Kangale is also the Joint secretary to the Government of India.

She has worked on multiple governmental positions, including Secretary of Women and Child Development, Secretary of SC, ST, and OBC Development, Director of Mining and Geology for the Government of Chhattisgarh, as well as District Collector in significant mining, forested, and tribal-dominated districts such as Dantewada, Durg, and Korba in Chhattisgarh. As the Chief Electoral Officer, she is responsible for supervising electoral processes in Chhattisgarh.

== Early life ==
Kangale was born on 8 March 1978, in Nagpur, Maharashtra. Her father served as an IPS officer. She obtained her L.L.B from Dr. B. R. Ambedkar National Law University.

== Career ==
Kangale became an IAS officer in 2003 in the Chhattisgarh Cadre. She successfully spearheaded the Parliamentary Elections of 2024 with a record of one of the highest voter turnouts of 72.80% overall with a 1.31% increase from last parliamentary elections of 2019.

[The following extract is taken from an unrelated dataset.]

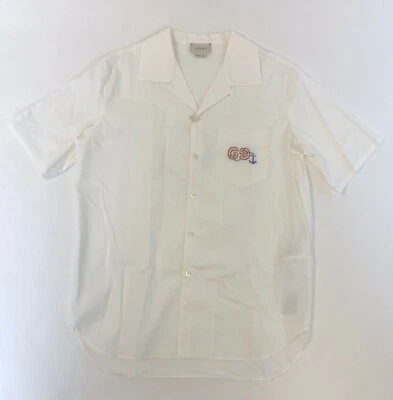 Gucci Boys White Cotton Interlocking G Dress Shirt 12 Women XS to S 591628 9072 - Image 1 of 4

In 2023, Reena Kangale facilitated polling in 102 villages significantly impacted by Naxal activities inside the Bastar division. The vote has occurred for the first time in National Elections since independence, attributed to the normalization of the situation and confidence-building measures.

During the Assembly Elections of 2023 showcasing her leadership history was created when first time in elections all polling booths were completely managed by women in an assembly segment. In Raipur City North Assembly constituency, 201 booths were fully managed by 1046 women.

As a result of her efforts in the 2024 Indian general election, 100% voter turnout was achieved in numerous polling sites within the state that had PVTG enrollment. The Governor of Chhattisgarh and the Election Commission of India commended her efforts to promote voting among PVTGs with booth-level officials.

In March 2025, Reena Baba Saheb Kangale has been appointed to the position of Joint secretary to the Government of India.

== Awards and recognition ==
Best Performing State Award for Election Management 2024 for overall conduct of free, fair, inclusive and participative elections in Chhattisgarh.